The DIR may or may not issue its own guidance. Should conditions change, CALSSA will update this memo. Nothing in this document should be taken or construed as legal advice. Companies should consult with an attorney to inform their compliance with AB 2143.
What is the trigger date for individual projects to comply?
The CPUC Decision makes a project subject to the law upon submittal of a NEM/NBT interconnection application on or after January 1, 2024. It is reasonable for companies to use this interpretation from the CPUC’s Decision until and unless additional guidance is provided by the DIR.
What does AB 2143 clearly require?
Requirements concerning the payment and documentation of prevailing wage are clearly spelled out in the law in Section 769.2 (b) of the Public Utilities Code:
(b) A contractor who enters into a contract to perform work on a renewable electrical generation facility or associated battery storage described in subdivision (a) shall do all of the following:
(1) The contractor shall pay each construction worker employed in the execution of the work, at minimum, the general prevailing rate of per diem wages, except that an apprentice registered in a program approved by the Chief of the Division of Apprenticeship Standards shall be paid, at minimum, the applicable apprentice prevailing rate.
(2) The contractor shall maintain and verify payroll records pursuant to Section 1776 of the Labor Code and make those records available for inspection and copying as provided in that section. Notwithstanding Section 1776 of the Labor Code, the contractor shall not be required to provide copies of certified payroll records to any entity other than the Department of Industrial Relations and the commission.
(3) The contractor shall biannually, on July 1 and December 31 of each year, submit to the commission digital copies of its certified payroll records for projects subject to this section. The commission shall retain these records as public records for five years.
What about other public works requirements such as apprenticeship ratios or having contractors or projects register with the DIR?
Direct communications from DIR to individual solar companies strongly imply that all public works requirements, such as apprenticeship requirements and project and contractor registrations with the DIR apply and not just prevailing wage and certified payroll submissions. CALSSA is actively working to obtain clear guidance from the DIR on how contractors and their customers would be expected to comply with these requirements given the differences in nature between true public works projects and non-public works solar and storage projects. This potential revelation raises more questions than it answers but CALSSA feels it important that the industry be made aware.

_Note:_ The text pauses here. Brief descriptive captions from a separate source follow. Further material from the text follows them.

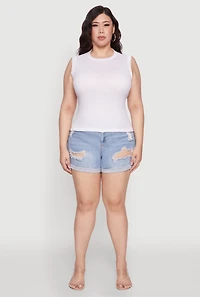 Plus Rib Knit Crew Neck Tank Top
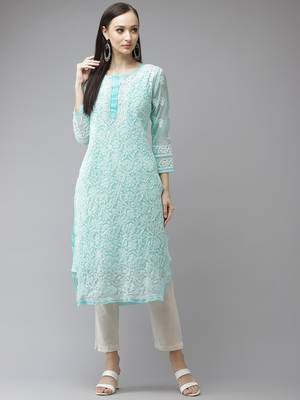 Ada Hand Embroidered Blue Georgette Lucknow Chikan Women Trending Kurta with Slip - A411322 1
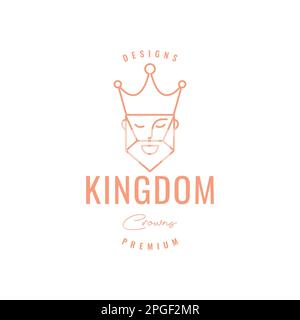 mascot cartoon face king kingdom crown smile line art logo design vector Stock Vector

Which jobs must comply with AB 2143?
First of all, AB 2143 only applies to net metered projects, whether “NEM 1.0”, “NEM 2.0” or “NEM 3.0” (also known as Net Billing) built within an investor-owned utility territory. It does not apply to non-NEM projects, nor does it apply to projects built within a publicly owned utility such as LADWP or SMUD.
Within those parameters, AB 2143 applies to the construction of all commercial projects regardless of system size. The law provides no exception for small commercial systems but rather captures any and all solar and solar + storage systems installed under the NEM tariff (regardless of NEM 1, 2 or 3) for commercial properties.
The law also applies to all multifamily housing projects greater than two stories and larger than 15 kW.
Single-family homes, as well as modular homes, are exempt from the bill. Work that is considered “Public Works” by the state of California is also exempt from the bill.
Must projects in CCAs within IOU territories comply with AB 2143?
Yes. If the project is a NEM project and meets the specifications listed above, the fact that it is being built in an area covered by a CCA bears no relevance on the applicability of AB 2143.
Will O&M jobs need to comply with AB 2143?
While AB 2143 was not explicit that O & M jobs must pay prevailing wage, maintenance is generally covered under Public Works requirements so it likely is required.
Will increasing the system size of a project or adding storage require compliance with AB 2143?
Yes. The Decision says that submitting an interconnection application to increase the system size or pair an energy storage system would need to comply with AB 2143.
How will the Utilities know if my project must comply with AB 2143?
The utilities have created a simple checklist that applicants complete as part of the interconnection process to determine whether or not the project must comply with AB 2143. The checklist created by the utilities is as follows:
Will I need to inform my customers about AB 2143?
Yes. The Utilities created a “Disclosure” form where customers need to acknowledge receipt of the form as part of the interconnection process. Both the checklist and customer disclosure can be found here for PG&E, here for SDG&E, and here for SCE.
What is the process to submit certified payroll records?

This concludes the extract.